Thousands of rebels from neighboring Rwanda and Uganda remain in the Democratic Republic of Congo despite a deadline that expired on Friday for them to lay down their weapons and go home. The gunmen have been at the center of a decade of fighting in Congo, which is officially over, but threatens to reignite as Rwanda and Uganda say Congo-based rebels pose a threat to their national security.

Another deadline expired in Africa's war-torn Great Lakes Region on Friday, but there was little change on the ground.

More than 10,000 Rwandan and Ugandan rebels based in Congo's lawless east had been given until the end of the month to go home.

Very few, if any, have. In fact, during the last week, some 400 fighters from yet another Ugandan rebel group, the Lord's Resistance Army (LRA), which has decimated northern Uganda for decades, arrived in the remote north east of Congo.

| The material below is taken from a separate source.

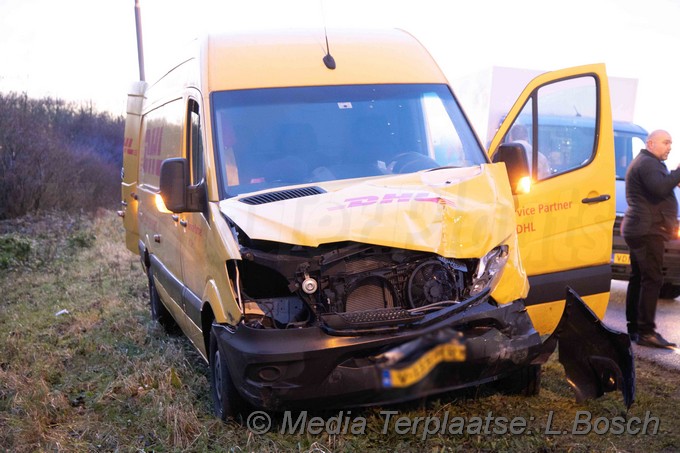 Mediaterplaatse ongeval twee busjes velsen zuid 15012019 Image00005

Their arrival prompted Uganda's president Yoweri Museveni to renew threats to send troops into the Congo to disarm Ugandan rebels if Kinshasa's fledgling army or the United Nations peacekeeping force did not.

Uganda and Rwanda have twice sent their armies into Congo on the pretext of hunting down their rebels there. They and several other foreign armies became embroiled in a five-year war that has killed nearly four million people.

Two years after peace officially returned, the presence of the rebels, in particular Rwandan Hutu rebels, many of whom took part in the 1994 genocide, threatens the fragile peace process and attempts to hold elections in the vast country.

Congo's government and army remain deeply divided and, although the U.N. mission in Congo is the world's largest, peacekeepers say they are stretched thin trying to protect civilians in a land still ruled by the gun.

The African Union has repeatedly vowed to disarm the Rwandan rebels but, without a single soldier on the ground, is even further from doing so than the U.N.

As a result, diplomats say deadlines and threats are pointless as there is no way to enforce them in the wilds of eastern Congo.

Critics accuse Uganda and Rwanda of exaggerating the threat posed by their rebels in order to distract attention from problems back home.

While recognizing the need for Congo to rebuild its military capability, analysts also call for political pressure on her two neighbors to resolve their own internal disputes without dragging down the chaotic heart of Africa.